Ποιειν Και Πραττειν - create and do



The Network of European Cities of Culture and Cultural Months, which encompasses people from almost every European country, from very diverse political, social and cultural backgrounds has since its very beginning been a forum for open debate and for fruitful exchanges of information and contact. It is thus only natural that the ECCM should conceive a project like "A Day for Culture - Freedom of Expression and Dialogue." And this especially in a year which is known for its celebrations and prestigious events. In this beginning of a new millennium, we wanted to think of those artists that had not always been allowed to speak, to draw, to paint, to perform, to compose, to write...We wanted to dedicate a thought to those who in most of our countries had to make the sacrifice of their physical and/or intellectual freedom to ease the way for those who were to follow them. We want to think of those who raised their voices, pens, paintbrushes, musical instruments against oppression and torture, against persecution and dictatorship.

An impressive number of European cities have answered positively to the project conceived by Athens, the first Cultural Capital of Europe in 1985. Luxembourg, European City of Culture in 1995, is one of them.

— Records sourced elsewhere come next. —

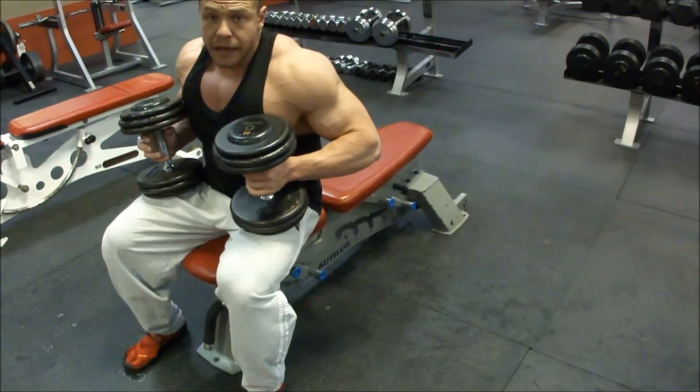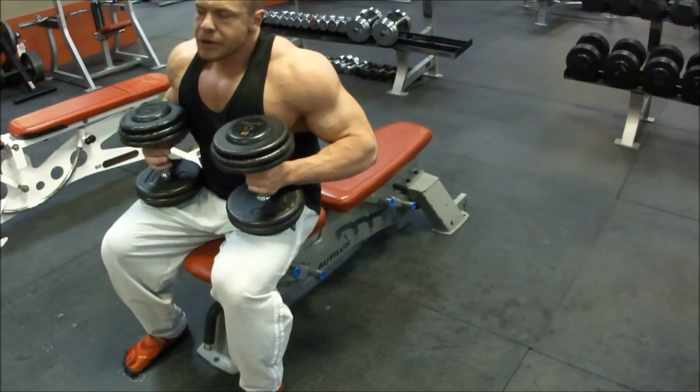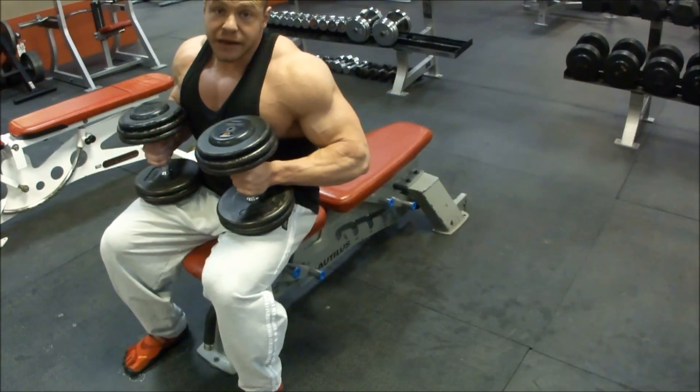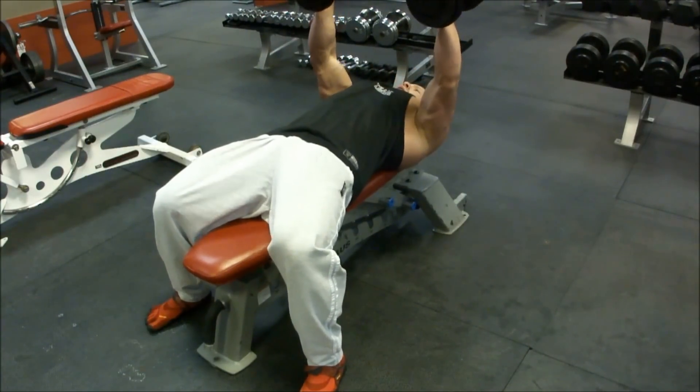Dumbbell press, dumbbell flies — it isn't exactly like keep your arms straight. If you want to have a slight bend in your arms, act like you're hugging someone, hugging a tree. Come back, keep flat, press it up.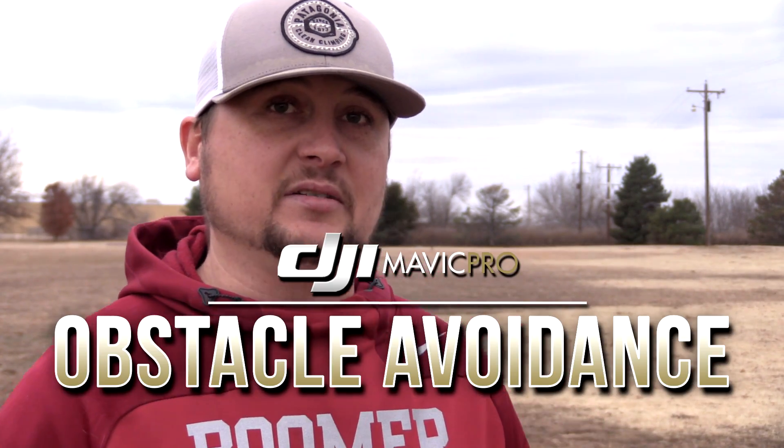Hey guys, what's going on? It's Dylan back again with another DJI Mavic Pro tutorial video from the DJI Mavic Pro series that I am doing on my YouTube channel. Today, I'm going to be doing a really quick short tutorial — or not necessarily a tutorial, as much as it is a showcase or test of the obstacle avoidance system that has been installed into the DJI Mavic Pro.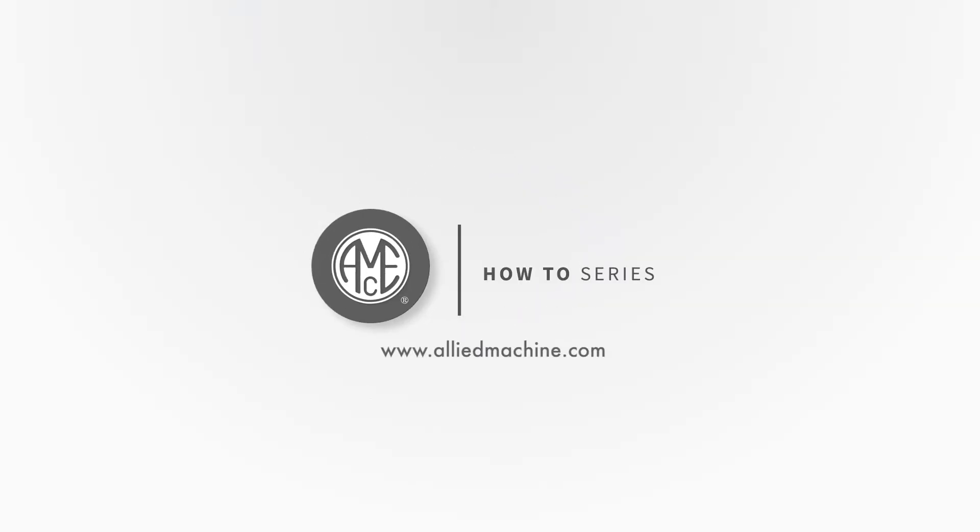Thank you for watching this video. Watch more how-to videos right here on our YouTube channel, or visit AlliedMachine.com for further information.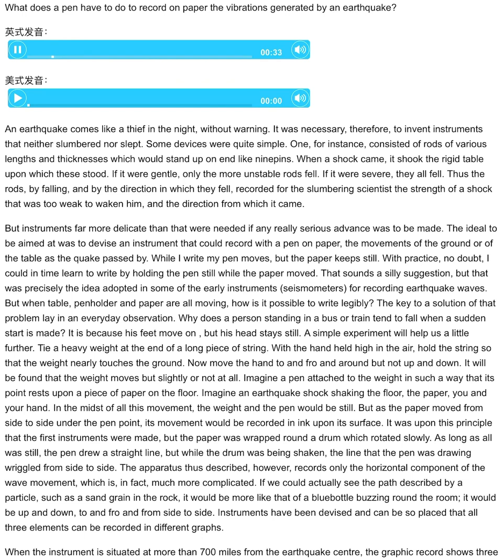Some devices were quite simple. One, for instance, consisted of rods of various lengths and thicknesses which would stand up on end, like ninepins. When a shock came, it shook the rigid table upon which these stood. If it were gentle, only the more unstable rods fell. If it were severe, they all fell. Thus the rods, by falling and by the direction in which they fell, recorded for the slumbering scientist the strength of a shock that was too weak to waken him and the direction from which it came.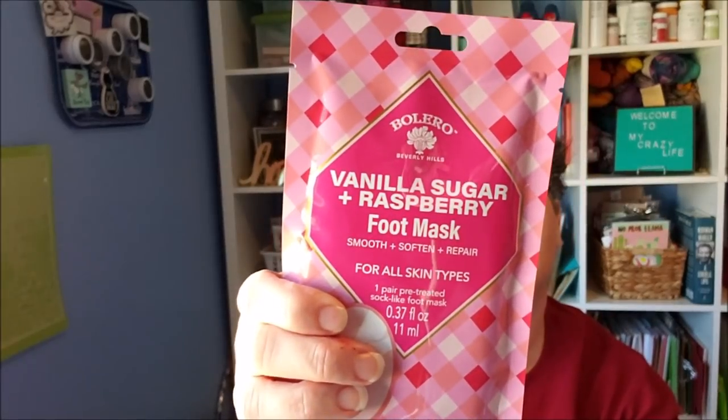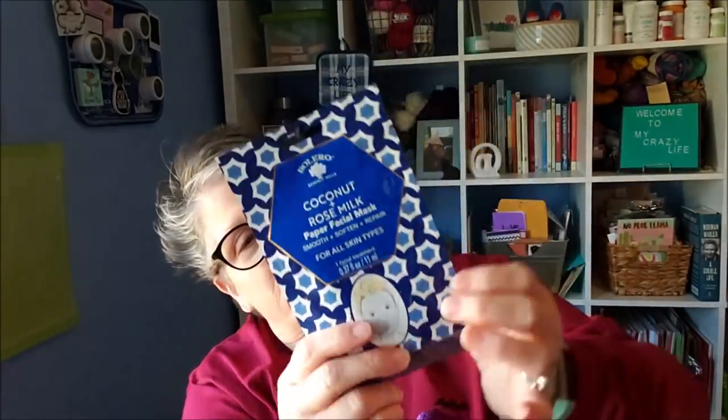It is time to start thinking about the holidays. I got a vanilla sugar and raspberry foot mask — how fun is that? This is the new Bolero line. I'm not a huge fan of a lot of their products, but foot masks and bath salts, they're okay. They also had a coconut and rose milk paper mask for your face, and I love this packaging. I thought these would be great stocking stuffers too with a little lip balm — especially for teenagers, this stuff is super fun. I do love a good foot mask, so I picked those up. Those are probably for me.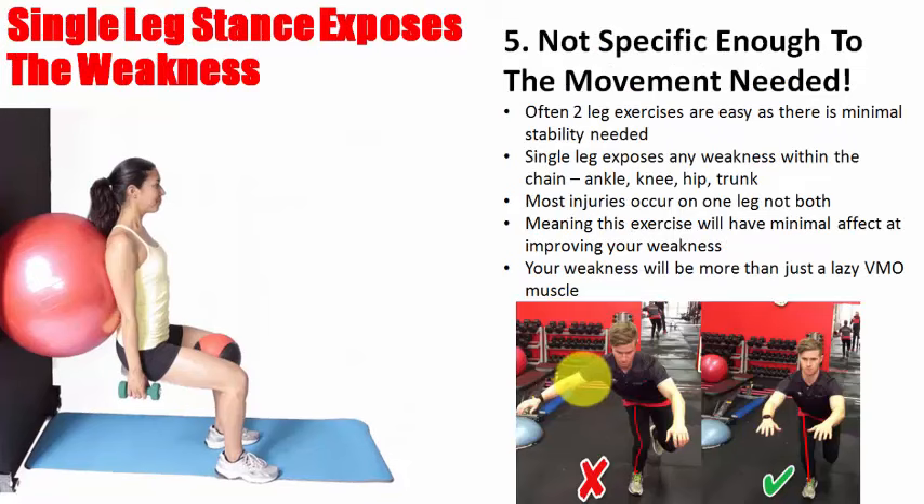Lastly, it's not specific enough to the movement you need. Parallel or two-leg stance is usually fairly easy because there's minimal stability needed. Often someone can perform a squat or deadlift perfectly on two legs, but get them to stand on a single leg and there's a huge difference. Think about most injuries — they never occur on two-leg landings or twisting from a two-foot take-off. They always happen from one leg. Single-leg testing exposes weakness within the entire chain of the ankle, knee, hip, and trunk — any one of those can break down and cause problems.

Luxembourg - small with 400.000 inhabitants, but unique, since on this small territory people from over 140 nations live peacefully together - has for years been a place of refuge and welcome for artists of all fields of expression that were persecuted in their own country.

Thus the renowned French author Victor Hugo spent many years of his rich life in Vianden, a small town in the north of Luxembourg, where he escaped the narrowmindedness of his country. This year, a book "Victor Hugo, l'Europeen" will be published to honor this writer who had fought all his life against death penalty and for the freedom of expression, a freedom which he himself did not always have.

Shortly before World War II, German artists that were not allowed to perform in Germany anymore, found stages and a faithful public in Luxembourg. Among them was Erika Mann, the daughter of Thomas Mann, an actress and a writer herself.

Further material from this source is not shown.